With theories ancient or modern, fantastic or scientific, or both scientific and fantastic, about "Pelasgians" and other "races" in the prehistoric south of Europe; with deductions from place-names in Greece, the isles, and the Asian coasts; with speculations about "Aryans" and "non-Aryans," long-headed and short-headed, dark-haired and light-haired peoples, I have nothing to do. We have not statistics of pigmentation in prehistoric or in historic Greece, or craniological statistics. We cannot translate certain fourth century inscriptions from Crete, written in Greek characters, bat in a language which, though not improbably "Indo-European," must have been to Greeks as unintelligible as to ourselves. We cannot even read the characters of Minoan writing. The much manipulated legends of movements of peoples which reach us in Greek books vary enormously, as Pausanias says, from each other, and are no more historical than the Irish legends of the migrations of the Scots from Scythia to Scotland by way of Athens, Egypt, and Spain. My sole object is to make intelligible the version of their own origin which the Athenians and Ionians offered, and to show that they did, in some moods, draw a distinction between their own ancestors and Homer's Hellenes and Achaeans. There was a distinction, in tradition, religion, rites, and customs, but there may have been no great difference in blood and language.

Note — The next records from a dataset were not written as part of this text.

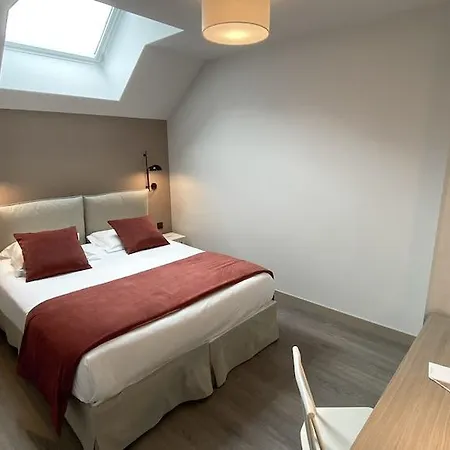 Appart hôtel Le Génépy - De Charme 3*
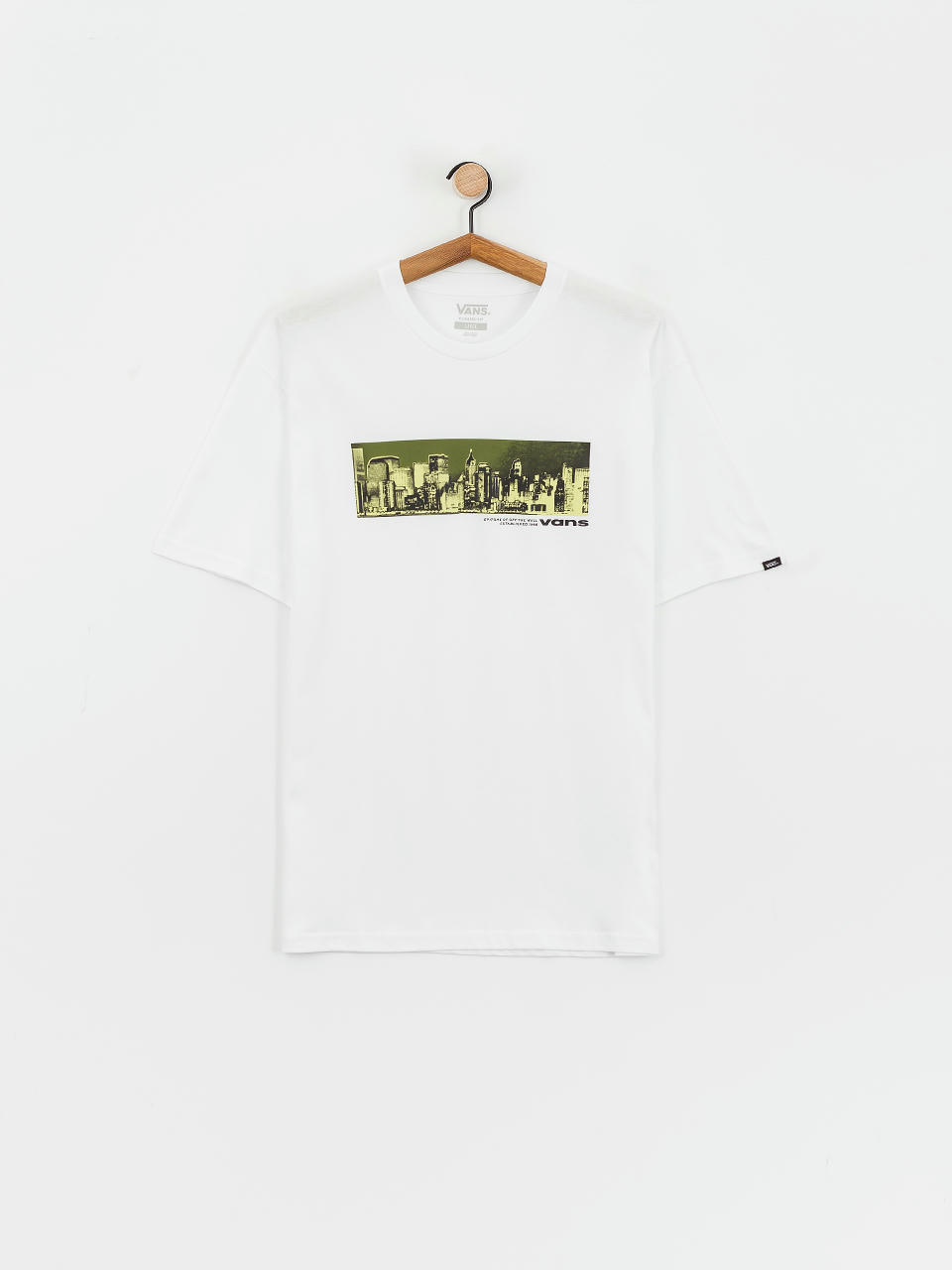 T-shirt Vans Epitome (white)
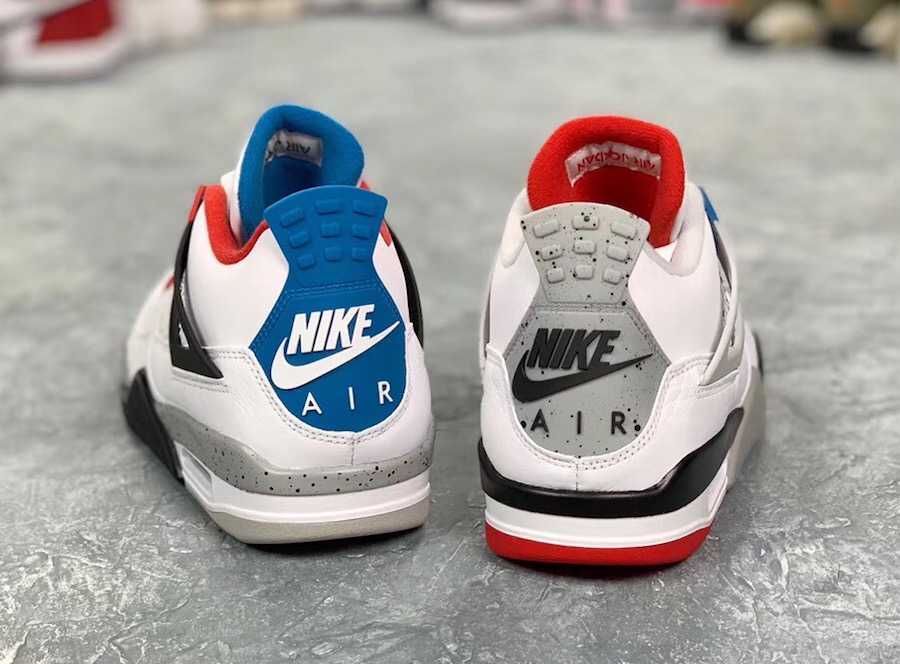 【スニダンで取扱中】11/23発売 NIKE AIR JORDAN 4 "WHAT THE 4" 抽選/定価/販売店まとめ 10枚目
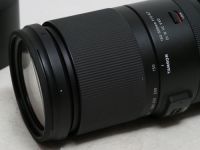 タムロン 150-500/5-6.7 Di III VC VXD ソニーE用 【中古】(L:570)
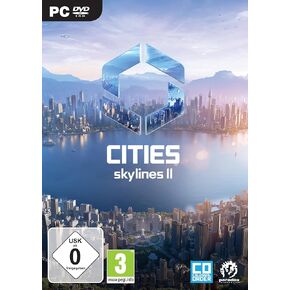Paradox Interactive Cities: Skylines II (PC) (64-Bit)
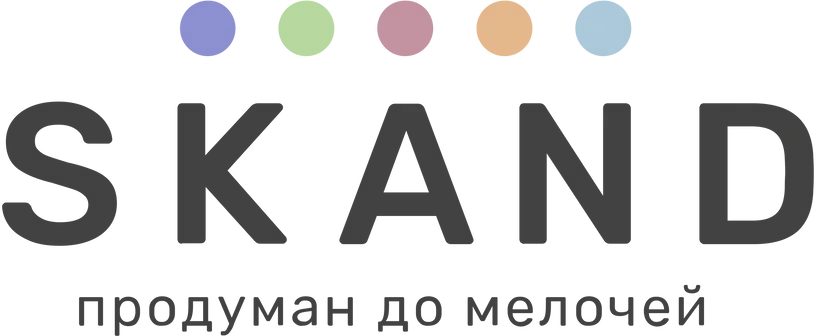 Сканд-Мебель logo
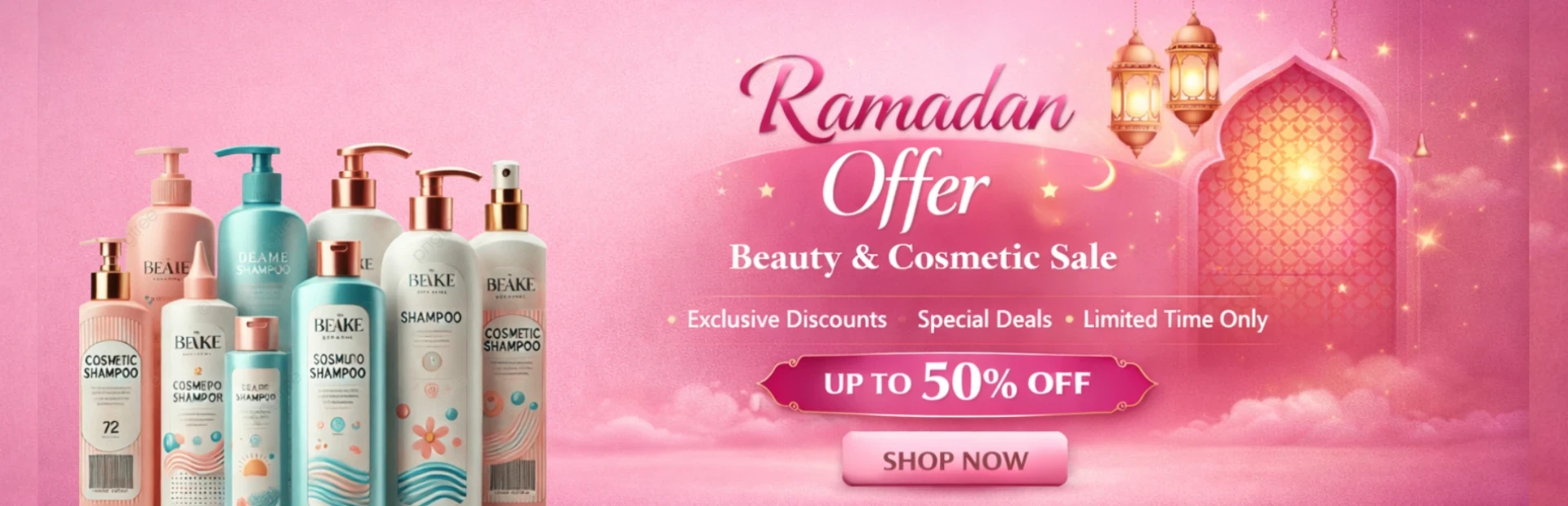 Ramadan Surprise Deal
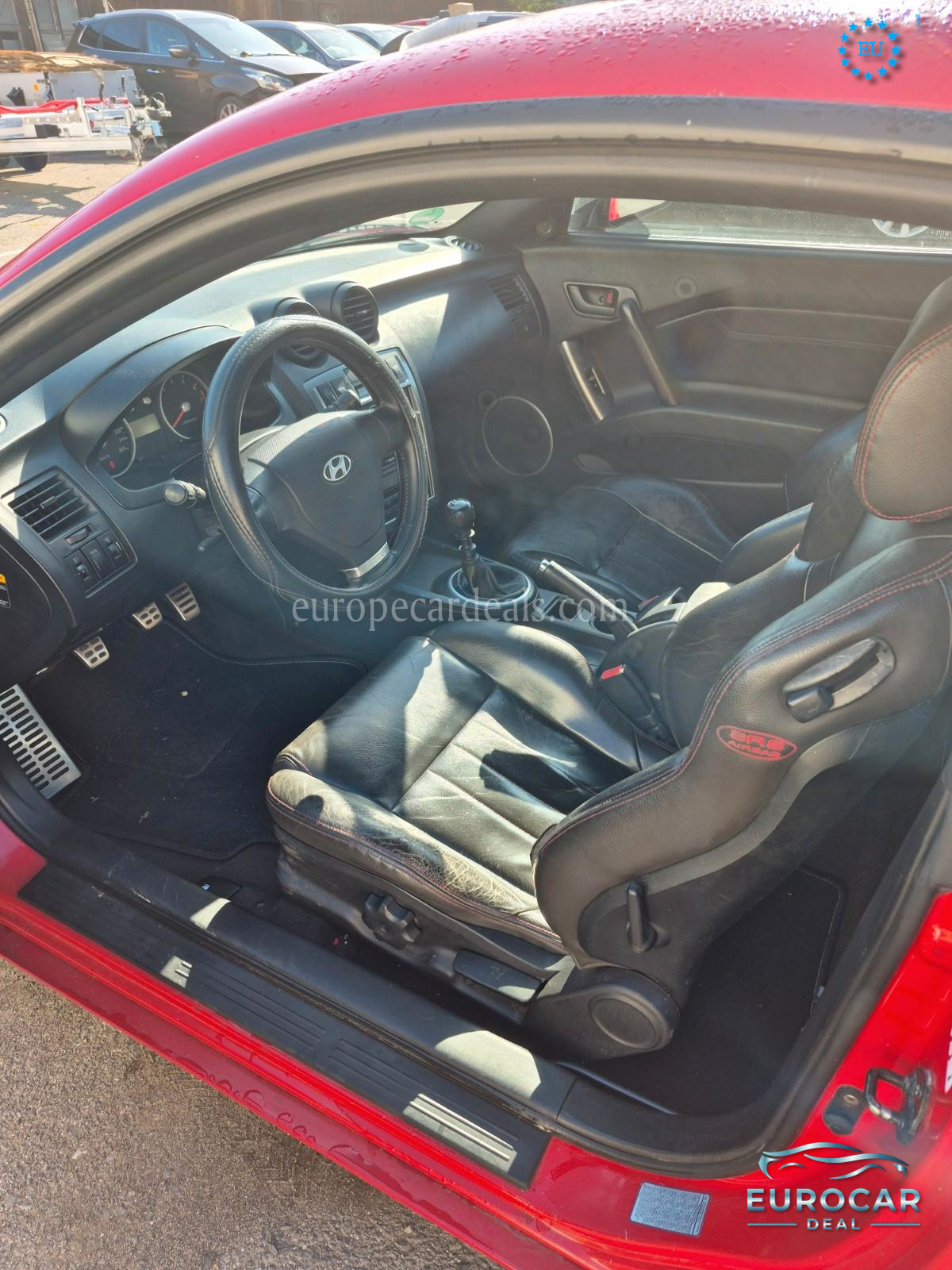 Hyundai Coupe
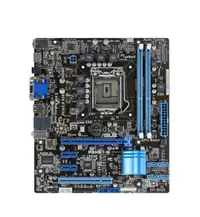 P8H61-M R3 - Asus P8H61-M Desktop Motherboard Intel H61(B3) Express Chipset Socket H2 LGA-1155 Micro ATX 1 x Processor Support 16GB DDR3 SDRAM Maximum RAM Serial ATA/300 No Controller Yes 1 x PCIe x16 Slot Yes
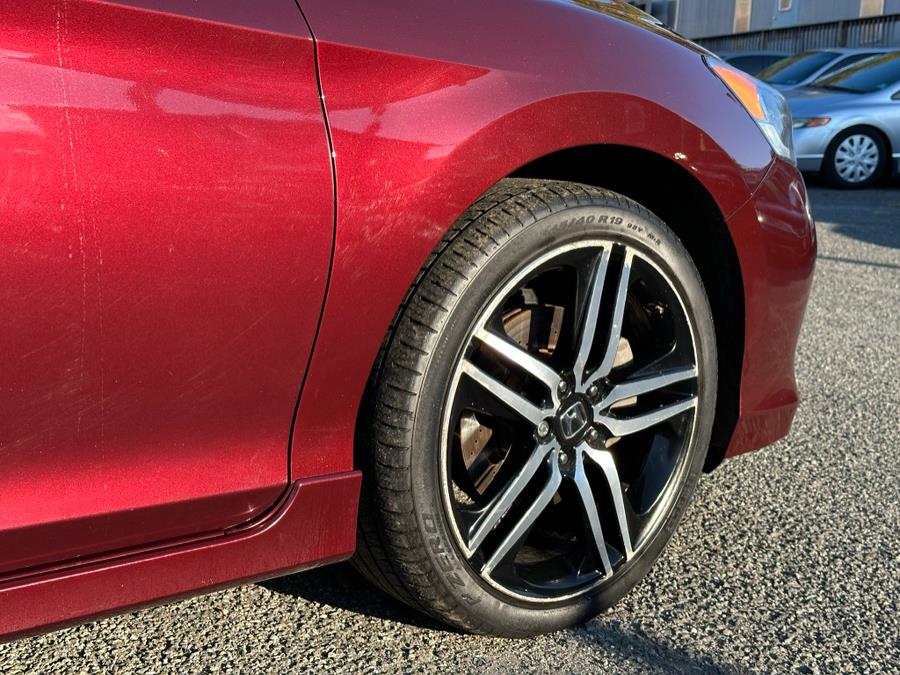 2016 Honda Accord Sedan 4dr I4 CVT Sport, available for sale in Irvington , New Jersey | Auto Haus of Irvington Corp. Irvington , New Jersey 2016 Honda Accord Sedan 4dr I4 CVT Sport, available for sale in Irvington , New Jersey | Auto Haus of Irvington Corp. Irvington , New Jersey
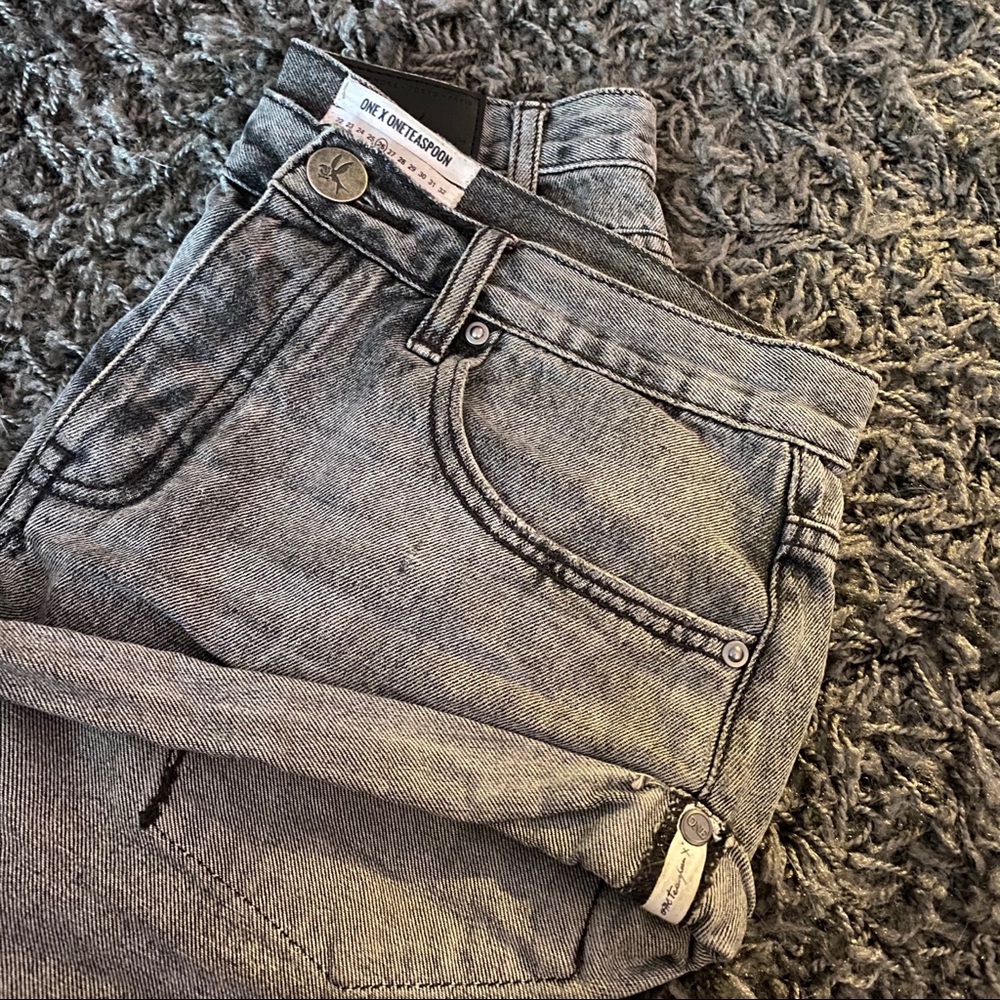 [ ONE TEASPOON ] bandits made for free people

One thing, then, is certain, the Athenians and Ionians admitted that they were Hellenic in race and speech merely through slight contact with Achaeans. Attica was never "Achaeanised" in religion, burial rites, and other ritual. Attica was never conquered by Achaeans, she stood apart. Now this claim to be a region apart, conquered neither by Achaeans nor Dorians, is certainly supported by the fact that the traditions and legends of Attica stand widely remote in all respects from the ancient Achaean legends in Homer, and in Theban and Minyan and Aetolian "saga," or bardic traditions.[2] The traditions of the Ionians in Asia, again, are connected with those of Attica rather than with the Achaean saga, although the Ionians of Asia were not, and were known not to be, by any means of solely Attic descent. This is confessed.

Returning to the Ionians of Asia, and their account of themselves given in the time of Herodotus, we find that it agrees with the fabulous genealogies already studied. The Ionians claimed to have in-habited twelve cities of what, in the time of Herodotus, was called "Achaia," the Aigialos in the northern Peloponnese;—that they were driven thence to Attica by Achaeans, fugitives from the Dorians in other parts of Peloponnese, is asserted by Herodotus. Ionians were also, of old, in Boeotia, neighbours of the "Cadmeians," and some of the Cadmeians were admitted, on conditions, to Athenian citizenship.[3]

It thus appears that the people later called, in Asia, "Ionians," had been dwellers on the coasts of Boeotia and Attica, as well as on the northern Peloponnese. That they were then and there known as "Ionians" it would be difficult to prove. Homer has nothing to say of the Ionians as a peculiar people in the Peloponnesus or Boeotia. Of their twelve Peloponnesian cities, the Catalogue gives Orneai, Pellênê, Aigeira, and Helikê to Agamemnon.[4]